If you want to make a recipe, learn from someone who actually knows how. But it’s not because of where their parents came from or their religion - it’s because they learned how it’s done.
And along with the offensive implication that a person needs a certain heritage or origin to make a certain food, there’s an equally offensive implication from the other direction, that actually knowing how to make something before you claim to be making it is an unnecessary frill. Both of those mistakes happen far too often.
I disagree. Any skill needs to be learned and has nothing to do with ethnicity.
As an example I give you the runs on frozen dinners, junk food, and prepared foods during the early days of the pandemic.
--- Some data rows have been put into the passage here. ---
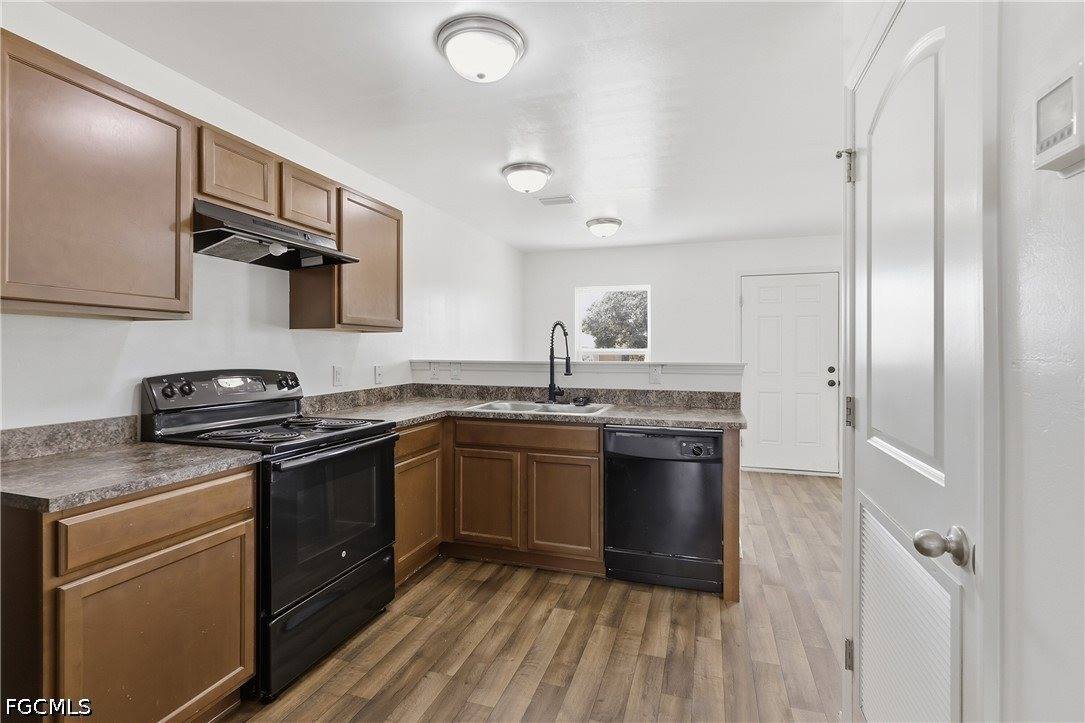 3824 17th Street West, Lehigh Acres, FL 33971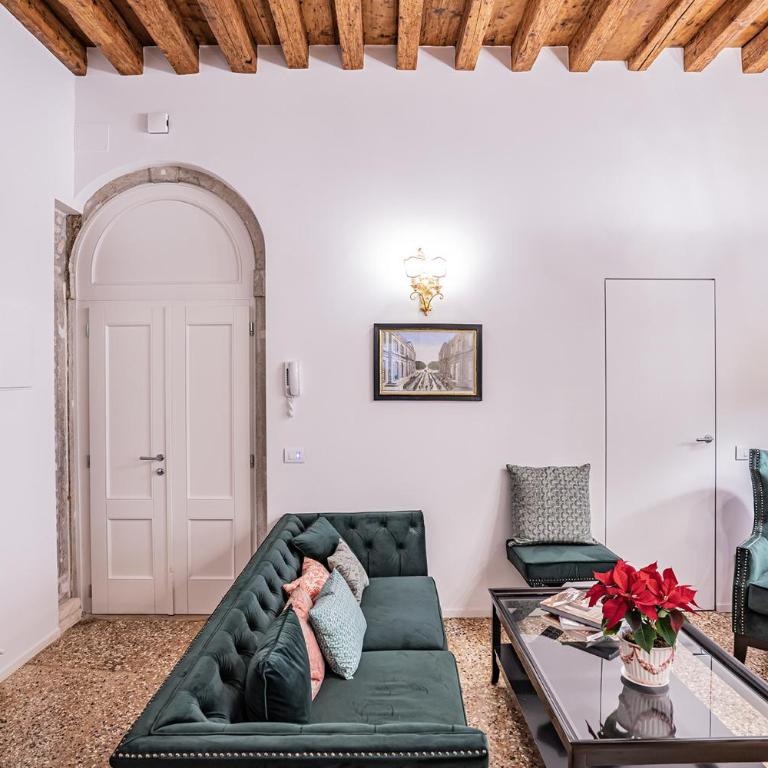 Ca' San Beneto Completely Refurbished in a fabulously central area - Two-Bedroom Apartment - 6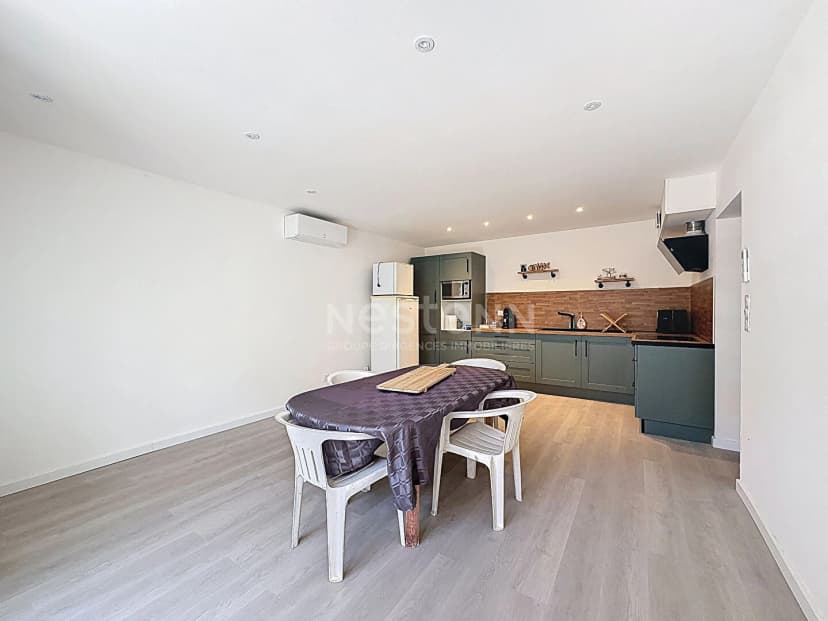 thumbnail of estate's photo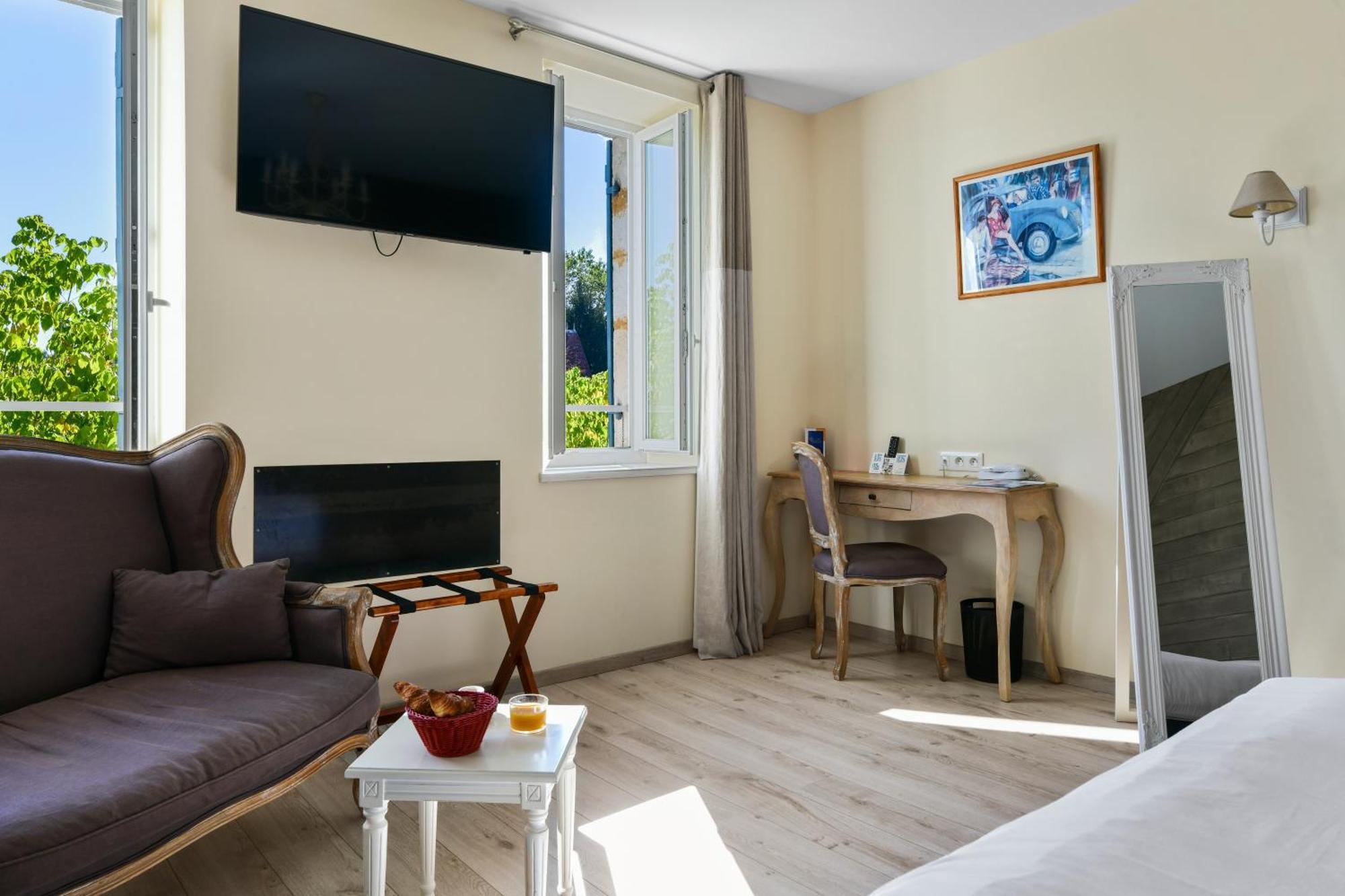 Logis Hotel & Restaurant Le Cadet De Gascogne Saint-Justin  Bagian luar foto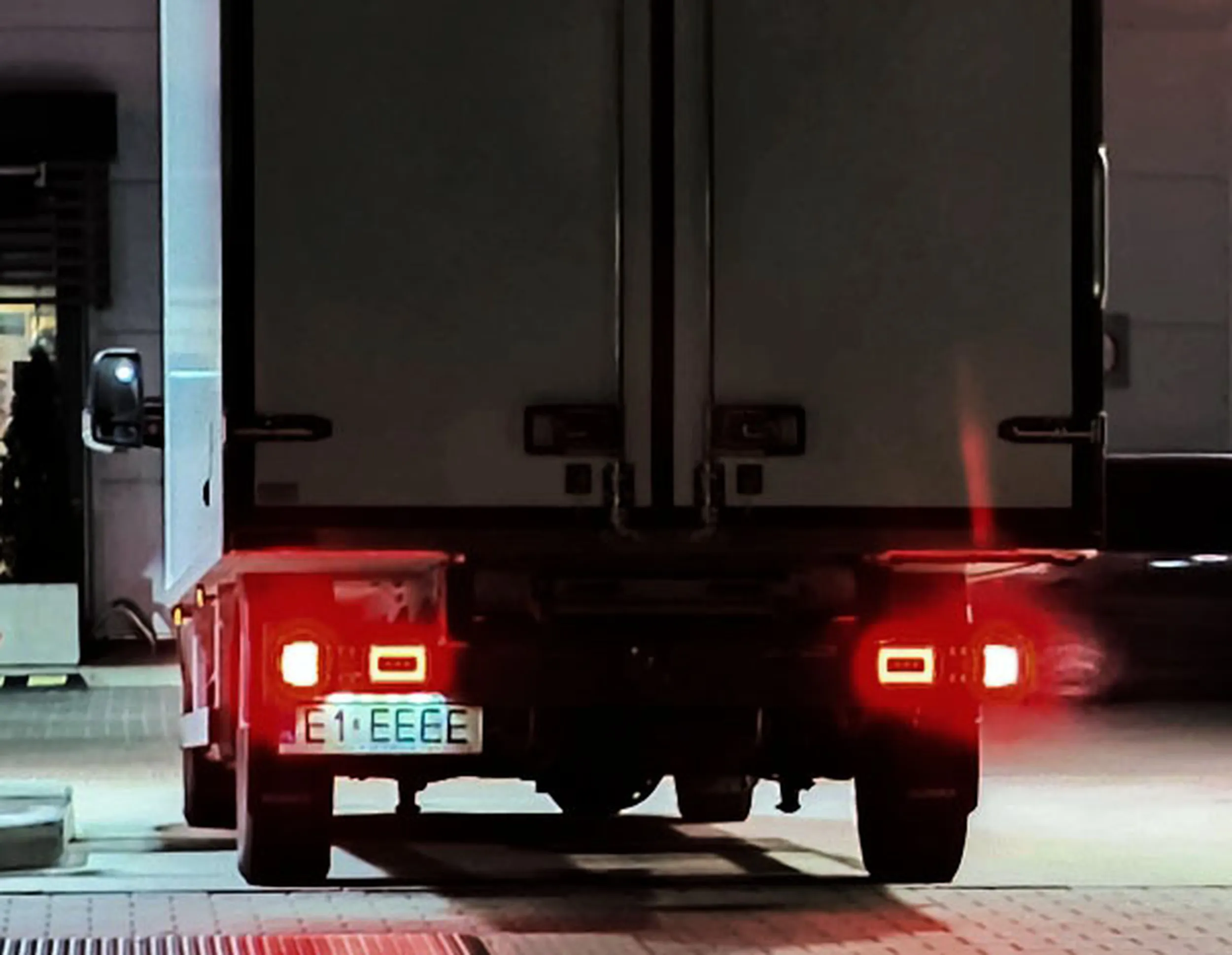 Fajny numer, blacha E1 EEEE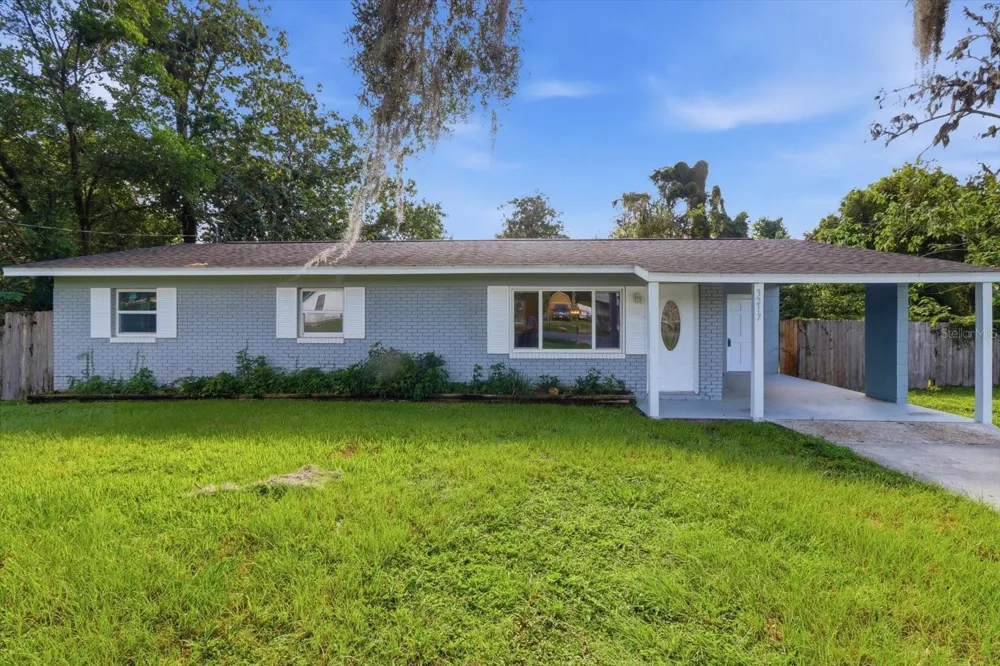 3217 NE 14TH AVENUE ocala, FL 34479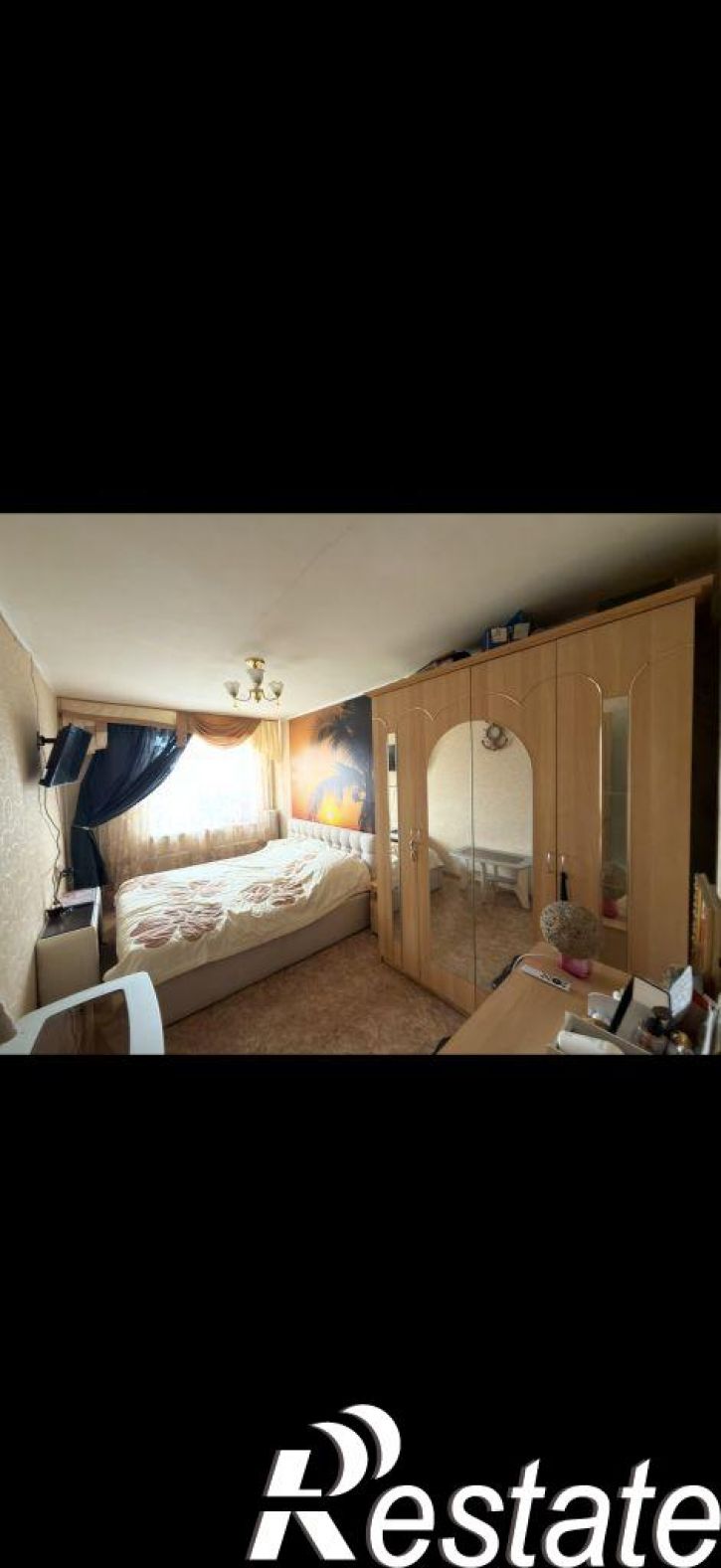 3-комн квартира Революционная ул, 8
Clearly, given what sold out and what did not, the average American can’t make the link between ground beef and a hamburger.
I don’t know if Americans are worse than those in other countries. Can the average person in the UK make chicken tikka masala from the base ingredients? What proportion of residents of Italy can make carbonara? Russians and borscht? Germans and sauerbraten?
A good cook can often look things up but still need to learn.
Bagels are easy but counterintuitive. I know how because I learned. Being born in New York with partial Jewish heritage has nothing to do with it.
So timely…including a sold out Everything Bagel ice cream.!
I’ve had something called Tomato Pie a couple times in Philly. Would you consider that pizza?